The practical impact: teams adopting Ito don't staff a "build the test suite" project before seeing results. The agent starts producing QA reports on real PRs almost immediately. See why we built Ito this way →
Setup and developer workflow
Mabl integrates with the major CI/CD platforms and lives alongside your pipeline, with results surfaced in its own dashboards and workspace. Onboarding centers on connecting environments and authoring your first set of journeys.
Ito is GitHub-native and lives where developers already work. Setup is a one-click install on the repo; from there the agent picks up pull requests automatically and reports inline. There's no separate place to babysit — the QA report shows up on the PR next to the diff and the review comments.
For an engineering team that lives in pull requests, that's the difference between adopting a new tool and adopting a new workflow. Ito slots into the one you already have.
Maintenance and flaky tests
Flaky, brittle tests are the tax every automation tool tries to reduce. Mabl's answer is auto-healing: when a selector changes, its AI attempts to repair the affected test so the suite keeps running. That meaningfully cuts maintenance versus traditional frameworks — but it's still maintenance on a suite of test assets that someone owns.
Ito's answer is to not have a hand-built suite in the first place. Because the agent regenerates and adapts coverage against the live application on each run, there's no growing library of scripts to keep green. The maintenance burden that defines most QA programs largely moves off your team's plate.
This is also where breadth cuts the other way. Mabl's maintained-suite model is exactly what you want when you need deterministic, repeatable coverage of specific certified flows, API contracts, or performance budgets. If those are core requirements, that's a point in Mabl's favor — see below.
Pricing and cost of ownership
Ito publishes its pricing: a per-seat Pro plan at $150/seat/month, with a custom Team tier.1 That transparency makes it easy to model cost as your team grows.
Mabl uses a quote-based model; pricing isn't published publicly and depends on usage and plan.2 When you compare the two, weigh more than the sticker price: the cost of ownership of any automation platform includes the engineering time spent authoring and maintaining tests. Ito's model is designed to push that ongoing human cost toward zero, which is often the larger line item over a year than licensing.
Draft note (remove before publish): Do not state or imply a specific Mabl price.
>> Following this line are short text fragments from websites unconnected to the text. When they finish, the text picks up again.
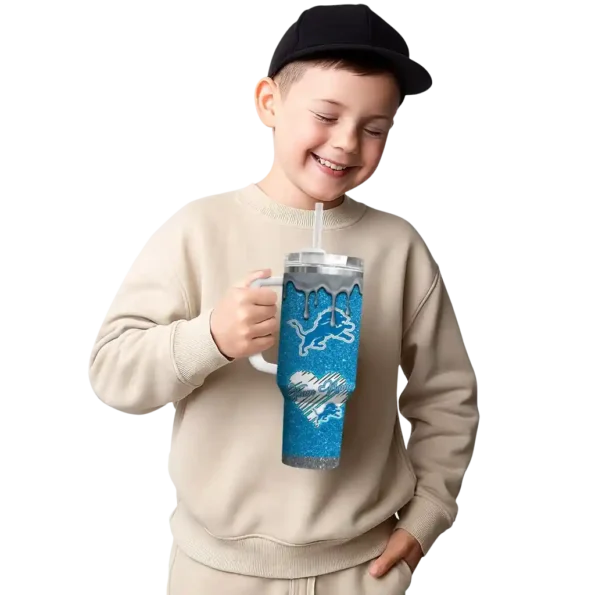 personalized detroit lions heart helmet motif blue curved tumbler latest model.webp
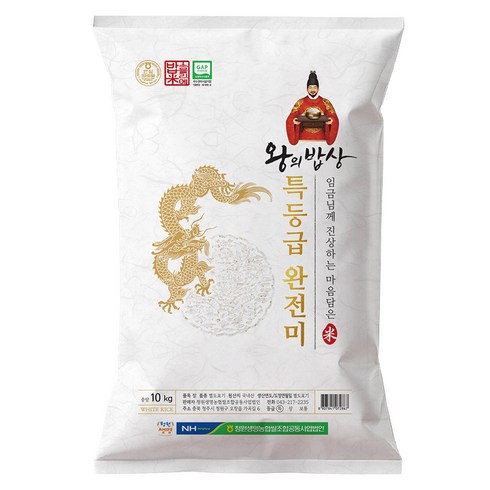 청원생명농협 왕의밥상 특등급 완전미, 10kg, 1개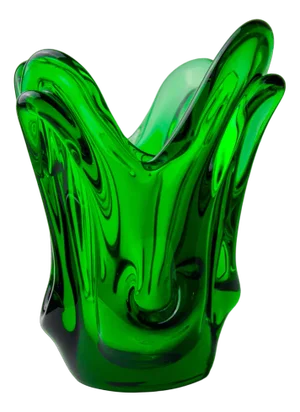 Vase in Green Murano Glass from Seguso, Italy, 1960s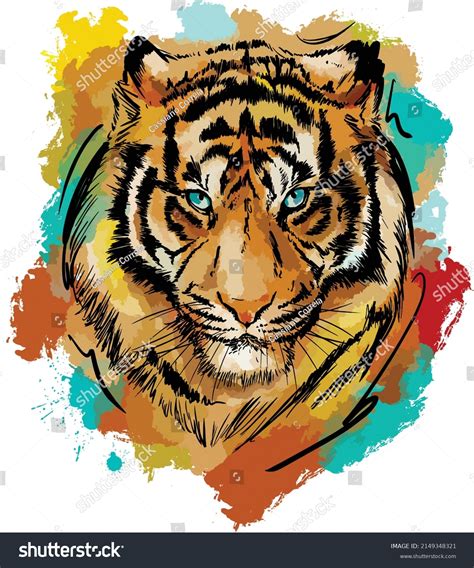 7,585 Bengal White Tiger Face Close Images, Stock Photos & Vectors ...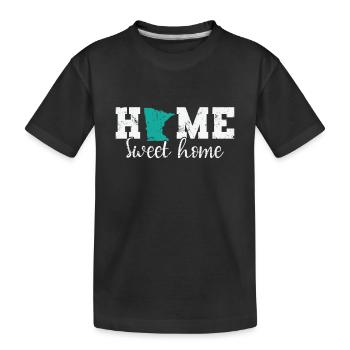 Minnesota Home sweet Home USA Amérique - T-shirt bio Premium Enfant - noir - Devant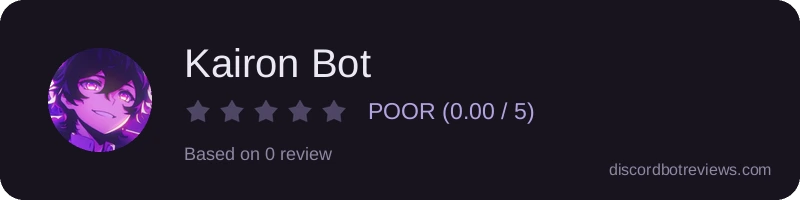 Rating widget preview for Kairon Bot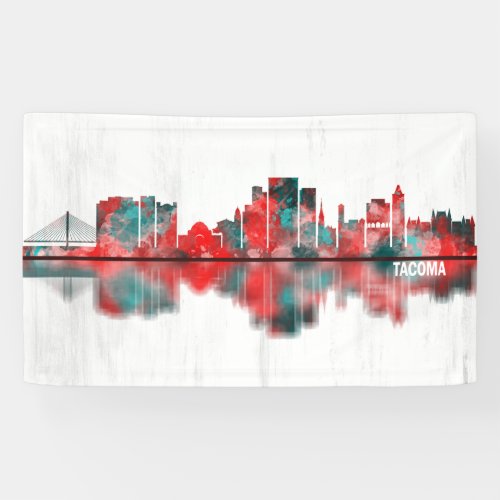 Tacoma Washington Skyline Banner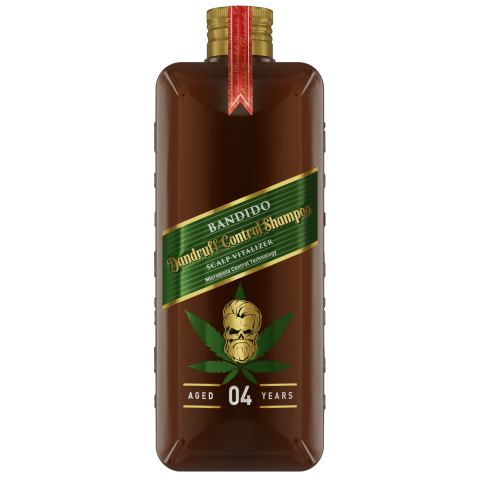 Champú anticaspa profesional de acción profunda 350ml. Marca BANDIDO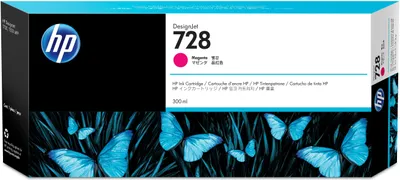 Produktbild von HP 728 - 300 ml - Magenta - original - DesignJet - Tintenpatrone - für DesignJet T730, T830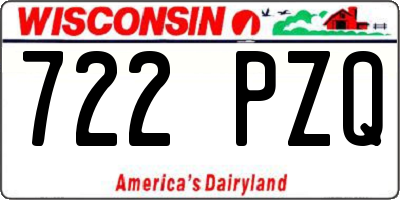 WI license plate 722PZQ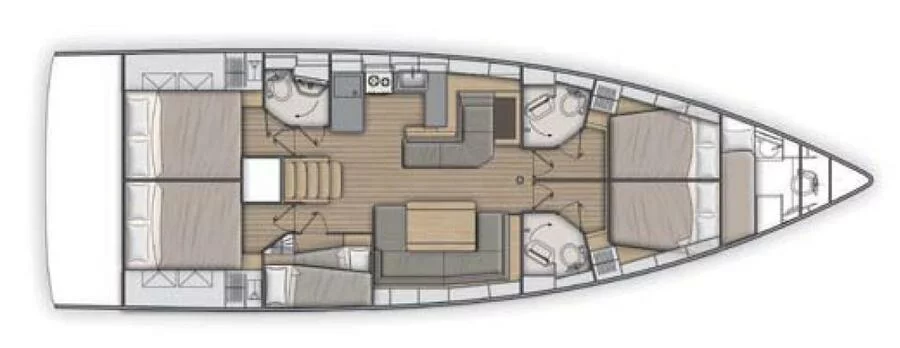 Oceanis 51.1 with Gen & Watermaker (Aloha)  - 12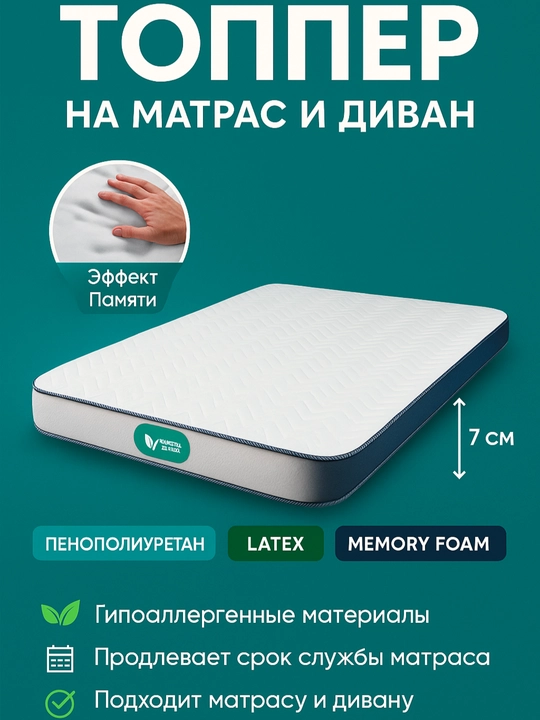 Топпер для матраса, кровати и дивана Softsleep Company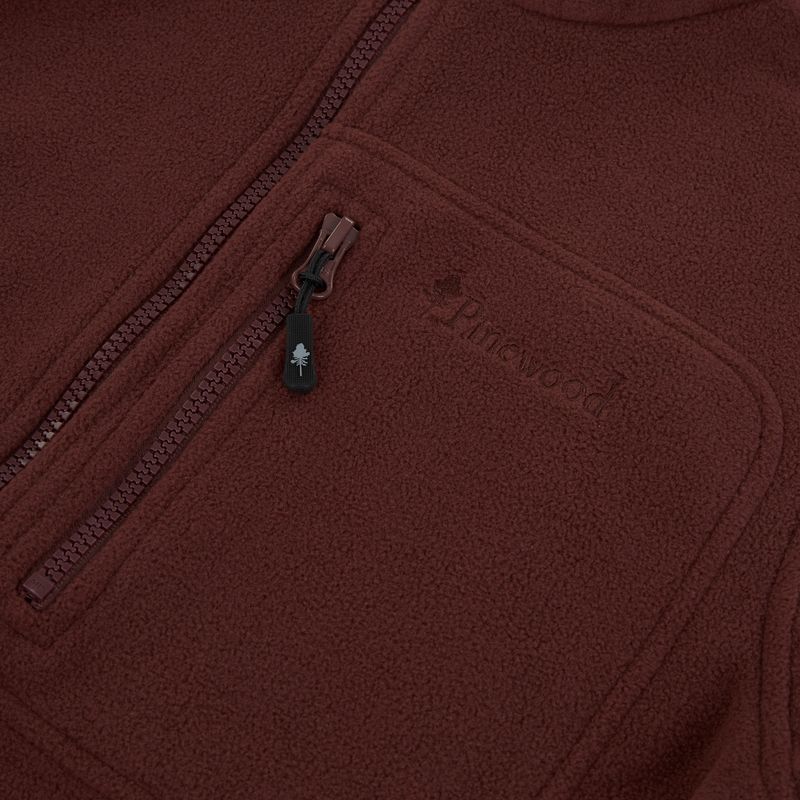 Bluză de trekking pentru femei Pinewood Finnveden Fleece earth plum 3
Confirm both products' current pricing and the per-seat figure with the Ito team and Mabl's site before this page goes live. Pricing-model language requires Barron's sign-off.
Which one should you choose?
These tools optimize for different jobs. Here's the honest split.
Choose Ito if…
- You want QA wired directly into code review, gating every PR before merge
- Your team is developer-first and lives in GitHub
- You don't want to build or maintain a test suite by hand
- You need value in hours, not after a multi-week authoring project
- Your priority is catching behavioral regressions on each change
Choose Mabl if…
- You have a dedicated QA team that owns a low-code test suite
- You need one platform spanning UI, API, performance, and accessibility
- You require deterministic, certified flows run on a fixed schedule
- Broad cross-browser matrix coverage is a hard requirement
- You're standardizing QA across many teams and products
Many teams don't treat it as either/or at first. A common pattern is Ito as the fast, autonomous pre-merge gate on every pull request, with an existing Mabl suite covering scheduled regression runs and specialized API or performance checks — then consolidating as Ito's coverage compounds.